Cynicism is a function of alienation. When one no longer considers oneself part of a something, when one no longer has or no longer cares to have a stake in a system, then one can afford to be cynical. In the cold embrace of cynicism one is insulated from dashed hopes and impossible expectations. Cynicism is the complete and utter destruction of hope. Viewed this way, it is frightfully easy to see that idealism and cynicism are end points of the same trajectory.
The best idealists make the worst cynics. Pragmatists, those who see the world in shades of gray, probably have plenty more room to accommodate failure, inconsistencies and illogic. Pragmatists order the world by taking the good and the bad to incorporate into her worldview. Idealists aim for the normative – what should be. An exercise of idealism then is ordering the world based on what does not yet exist. It is placing faith in the cusp of what could be, in the glimmer of something in the horizon, in the intangibles. Idealism can often be a fruitless exercise, a constant anticipation, a breathless waiting for signs of what one desires to come in fruition.

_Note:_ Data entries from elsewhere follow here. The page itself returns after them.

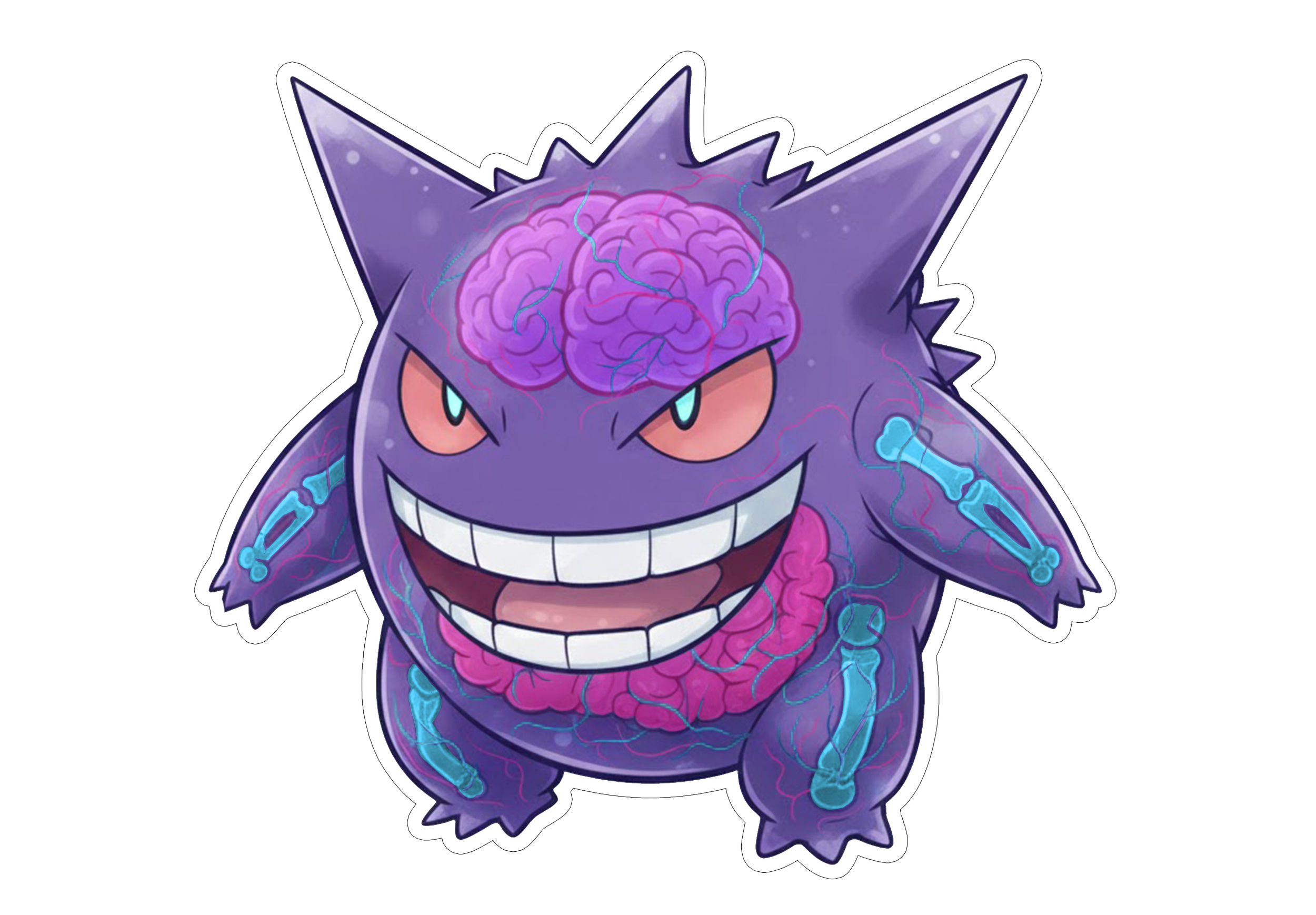 2 Inch Diaphonized Pokemon Anatomy Stickers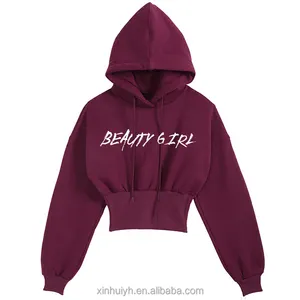 High quality 100% cotton fleece girls custom printed logo crop top plus size women's hoodies & sweatshirts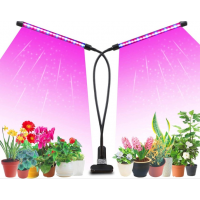 Двойная ультрафиолетовая гибкая фитолампа для растений на прищепке Led Plant Grow Light USB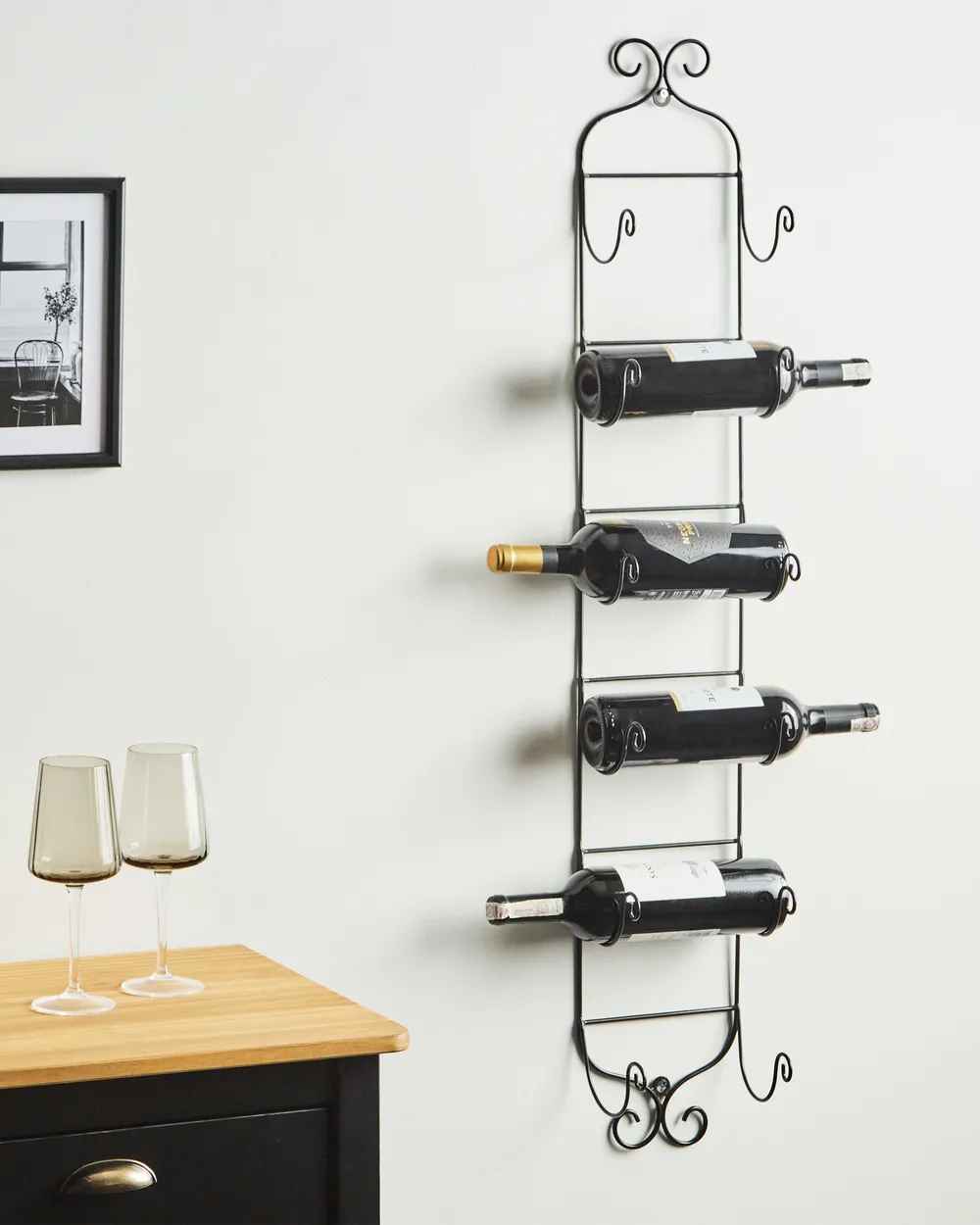 Wall Mounted Wine Rack HYDROGEN Metal Black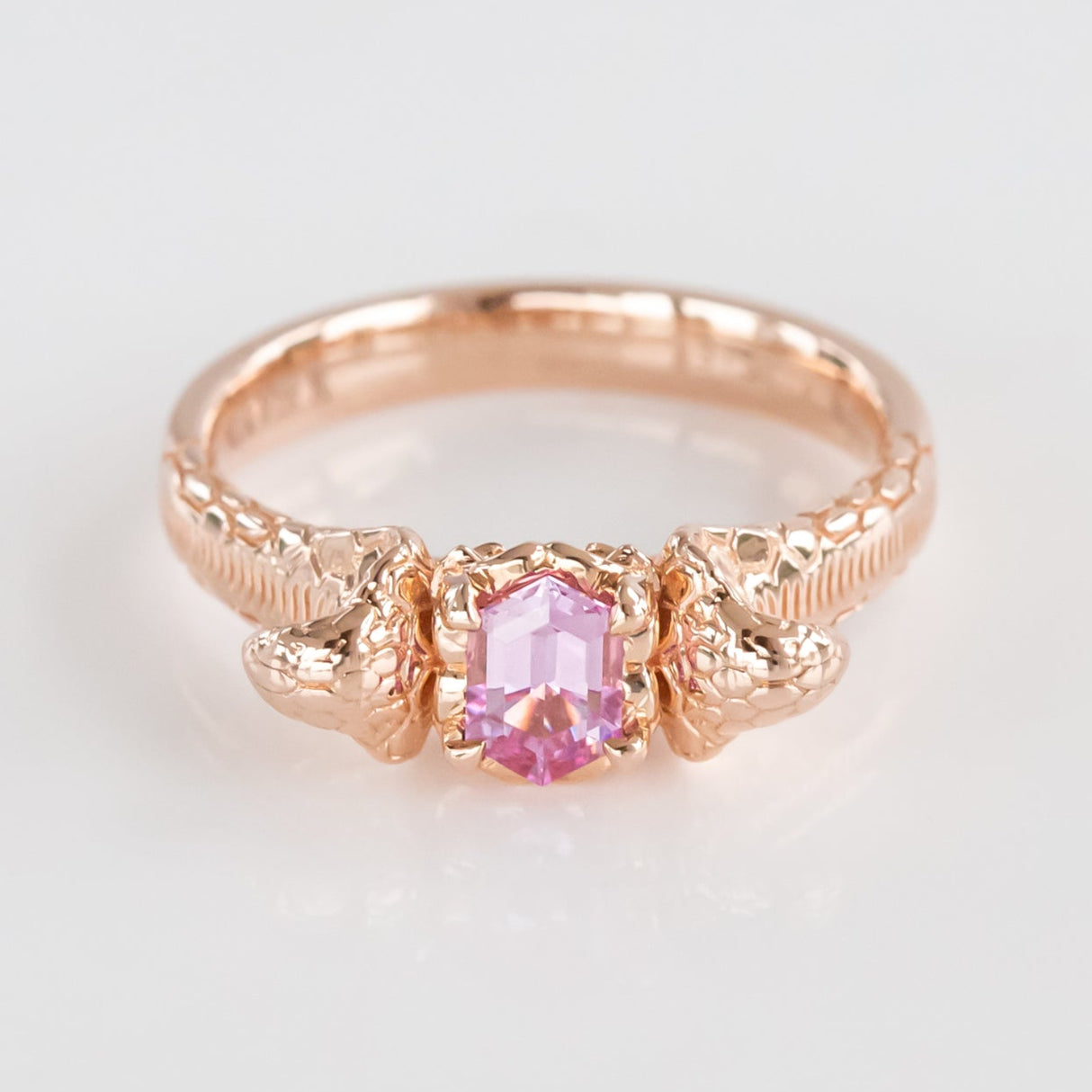 0.51 carat Pink Sapphire Double Rising Cobra ring in 9 carat Rose Gold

I returned to the Philippines a year and a half ago full of hope, my mind filled with notions of right and justice. I had not been gone that long, but I was far away enough to have forgotten what it was like, the chaos and the madness. In my mind’s eye, home was a damsel in distress waiting to be rescued. And there I was, her gallant knight. Not all believe themselves to be heroic. It takes a certain kind of conceit and delusion to believe that what one does matters in the larger scheme of things.
Since my return I made a conscious decision to climb down from my ivory tower. Ensconced in the private spaces we inhabit, we can afford to tune out the undesirable public. What we all possess in our private spaces – our families and friends, work – we have in our immediate control. The public – that jungle of common rules, common values and common spaces - are owned by no one and everyone. Here it isn’t easily discernible who are responsible, where our interests lie, what we have at stake and what we can and cannot control. Because the rules that dictate the public are arbitrary and because enforcement itself is arbitrary, it is easy to feel helpless. In such a system it often seems it is each person for herself.
A year and a half ago, I climbed down my ivory tower, afraid of the ugliness that I would see. Called to duty, the knight errant wanted to come to the rescue anyway. And here I am, a year and a half later. I have not quite earned my battle spurs. All I have are a few scrapes. I have had but a glimpse of what teems underneath our public skin. I am at once amazed and disgusted. This is my country. This is my people. This is me.
With one eye to the horizon, I ask myself these days whether these exercises in fruitlessness truly matters. Or that they work in bringing the normative in fruition. I am but a gnat, cowed by the mountain. Perhaps it is me who needs rescuing.